Task directions:
With the pictures set aside, reproduce each entry precisely as it reads.

** Available records follows **

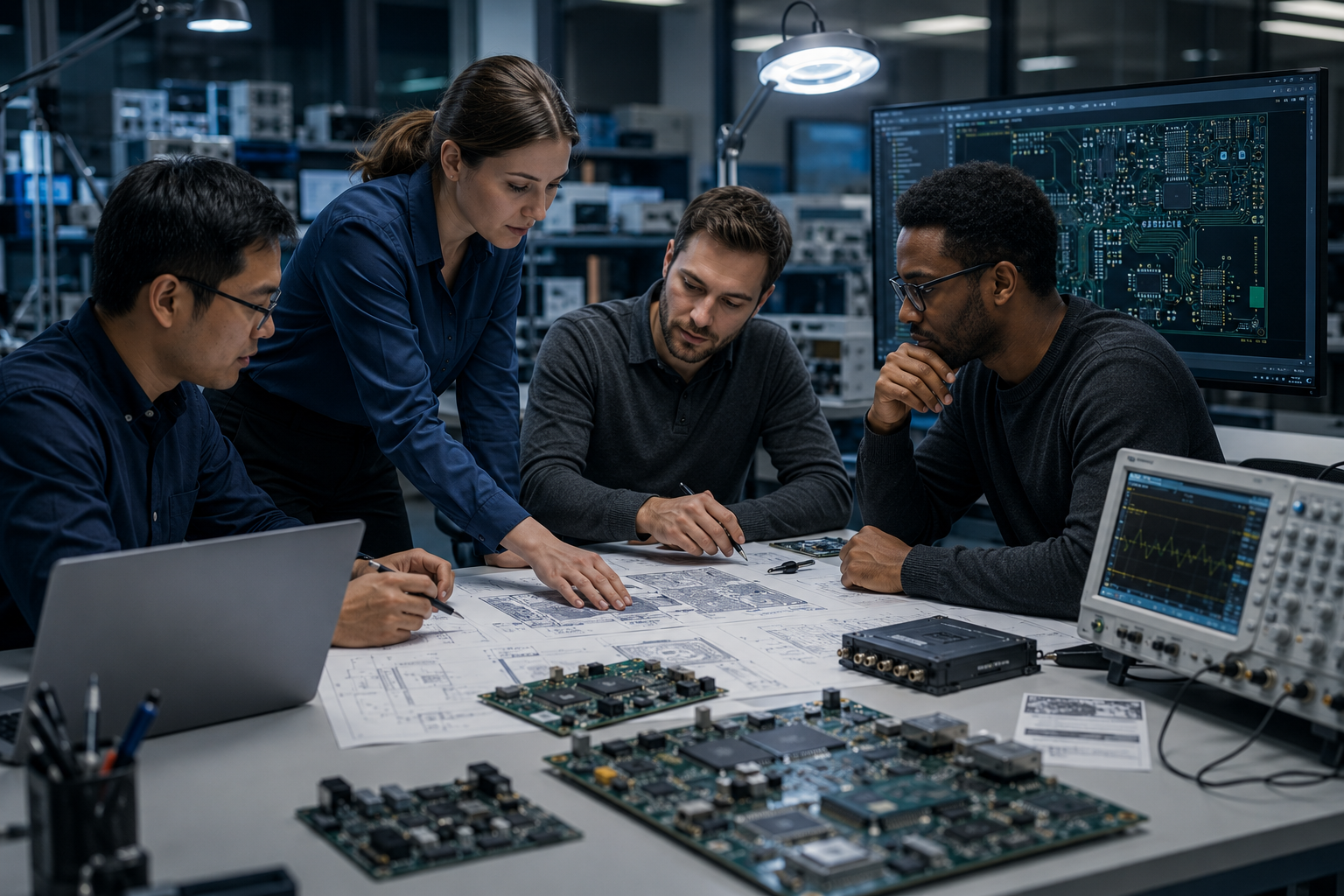Engineers collaborating on embedded hardware design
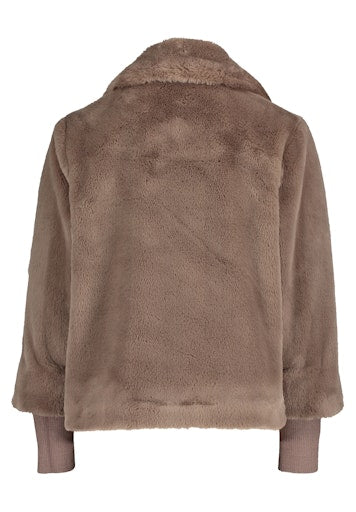 Betty Barclay brown/grey Faux Fur Jacket – Lapel Collar, Knitted Cuffs, Long Sleeve 7242 29011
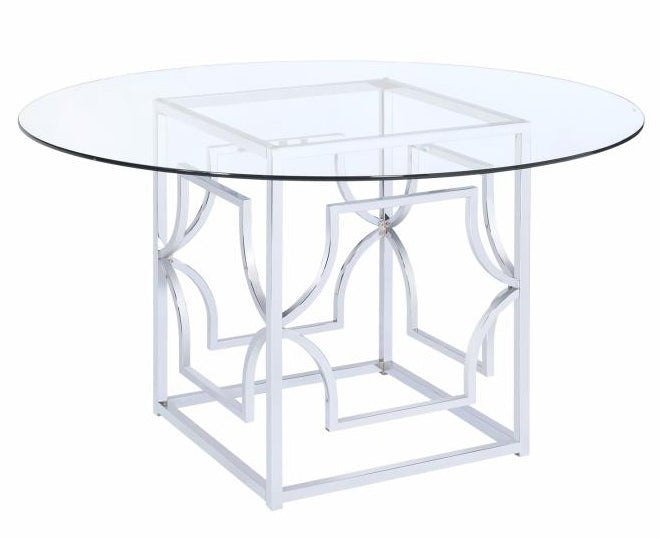 Mischa Chrome Metal Dining Table with Round Glass Top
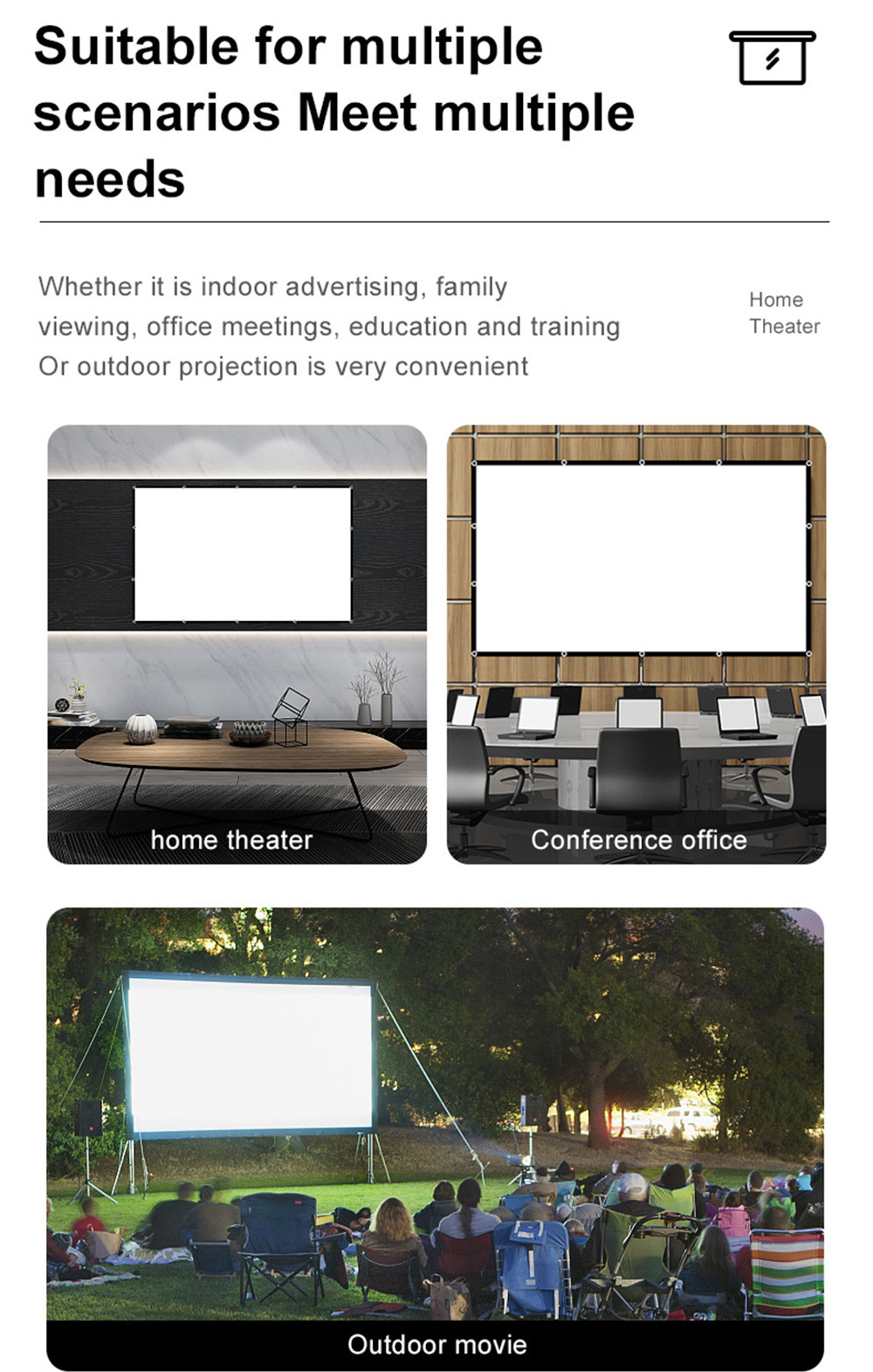 Soft Milk Silk Foldable Projector Screen Collapsible Wide Range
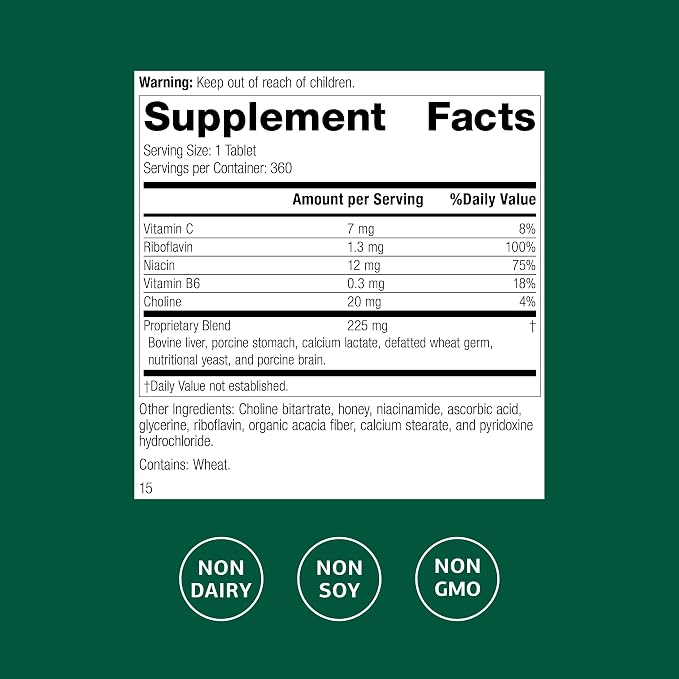 Standard Process Cataplex B2 Nervous System Health Dietary Supplement - Non-Dairy & Non-Soy - Brain Health Support - 360 Tablets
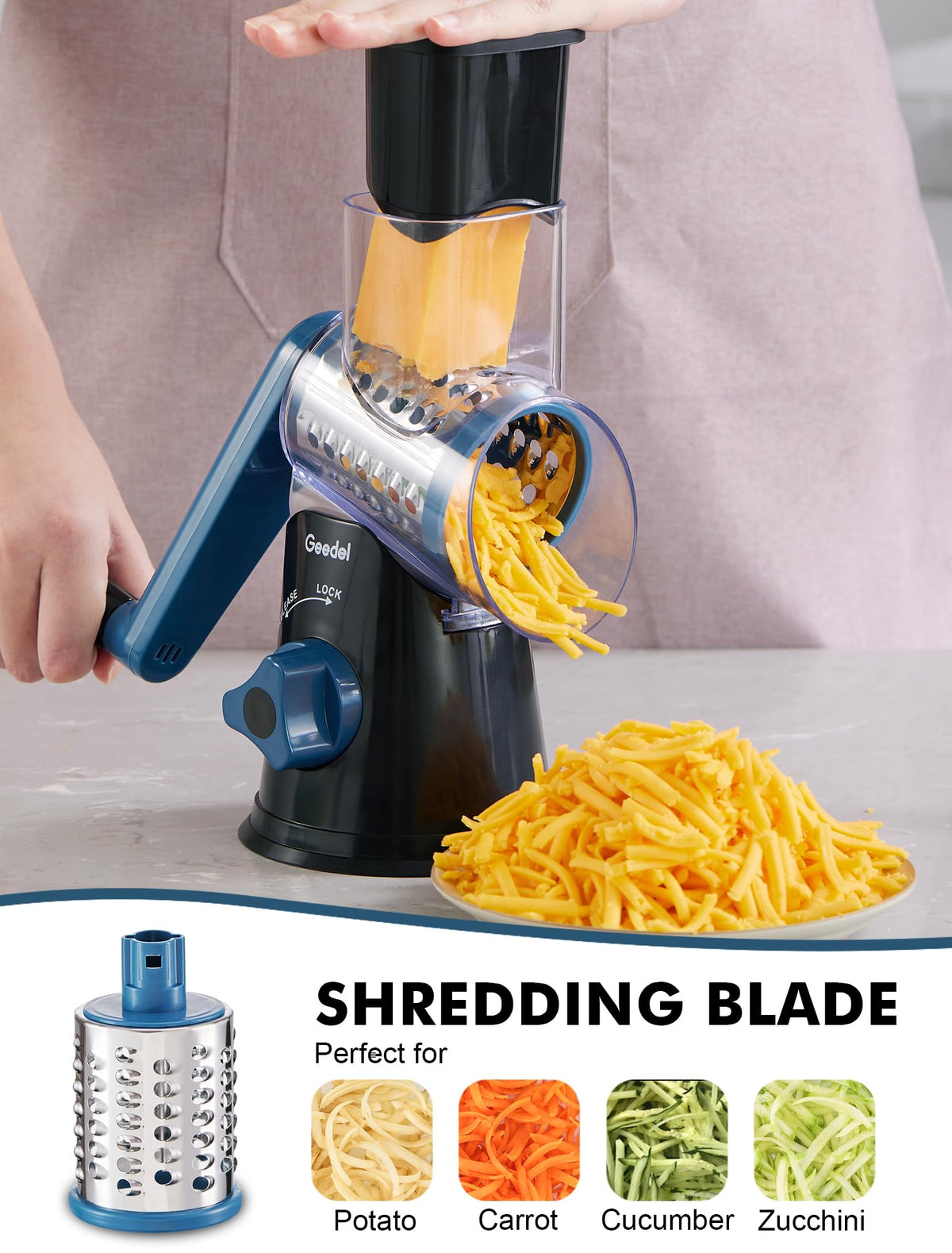 Geedel cheese grater with food pusher reducing blade contact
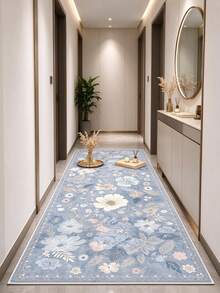 1pc Fog Blue Floral Long Runner Rug, Soft & Comfortable Bedroom Carpet, Washable Rug, Suitable For Front Door, Entryway, Hallway, Kitchen, Bedroom, Dorm, Dining Room, Skin-Friendly Rug, Living Room Carpet, Sofa Seating Rug, Area Rug, Creative Versatile Home Decor Rug, Large Living Room Rug, Bedroom Carpet, Walk-In Closet Rug, Room Decor, Gift For Family And Friends - Multicolor - View 5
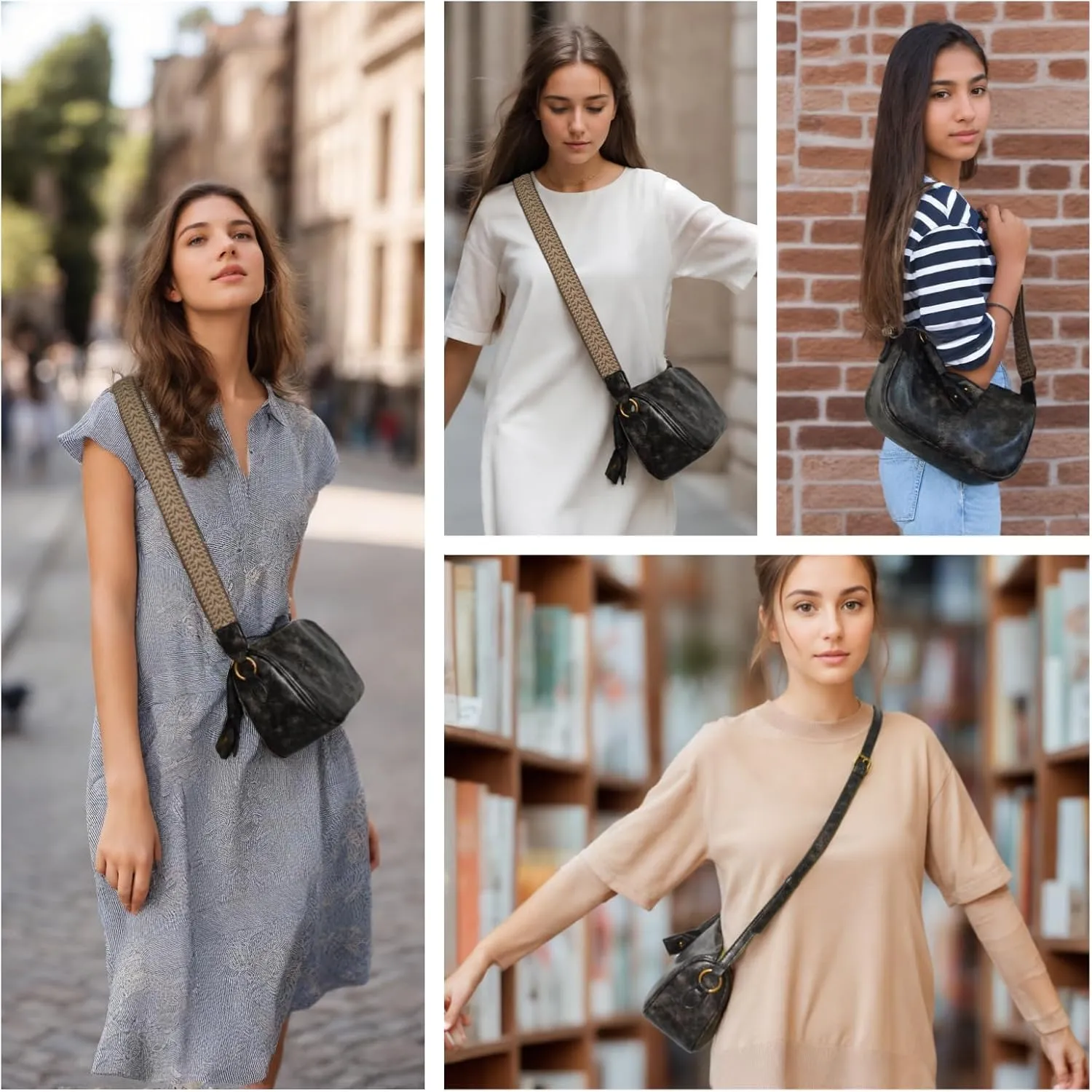 Leather Crossbody Bag with 2 Adjustable Removable Straps, Trendy Small Shoulder Bag, Bucket Purse for Women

** End of Available records **

The answer:
Engineers collaborating on embedded hardware design
 Betty Barclay brown/grey Faux Fur Jacket – Lapel Collar, Knitted Cuffs, Long Sleeve 7242 29011
 Mischa Chrome Metal Dining Table with Round Glass Top
 Soft Milk Silk Foldable Projector Screen Collapsible Wide Range
 Standard Process Cataplex B2 Nervous System Health Dietary Supplement - Non-Dairy & Non-Soy - Brain Health Support - 360 Tablets
 Geedel cheese grater with food pusher reducing blade contact
 1pc Fog Blue Floral Long Runner Rug, Soft & Comfortable Bedroom Carpet, Washable Rug, Suitable For Front Door, Entryway, Hallway, Kitchen, Bedroom, Dorm, Dining Room, Skin-Friendly Rug, Living Room Carpet, Sofa Seating Rug, Area Rug, Creative Versatile Home Decor Rug, Large Living Room Rug, Bedroom Carpet, Walk-In Closet Rug, Room Decor, Gift For Family And Friends - Multicolor - View 5
 Leather Crossbody Bag with 2 Adjustable Removable Straps, Trendy Small Shoulder Bag, Bucket Purse for Women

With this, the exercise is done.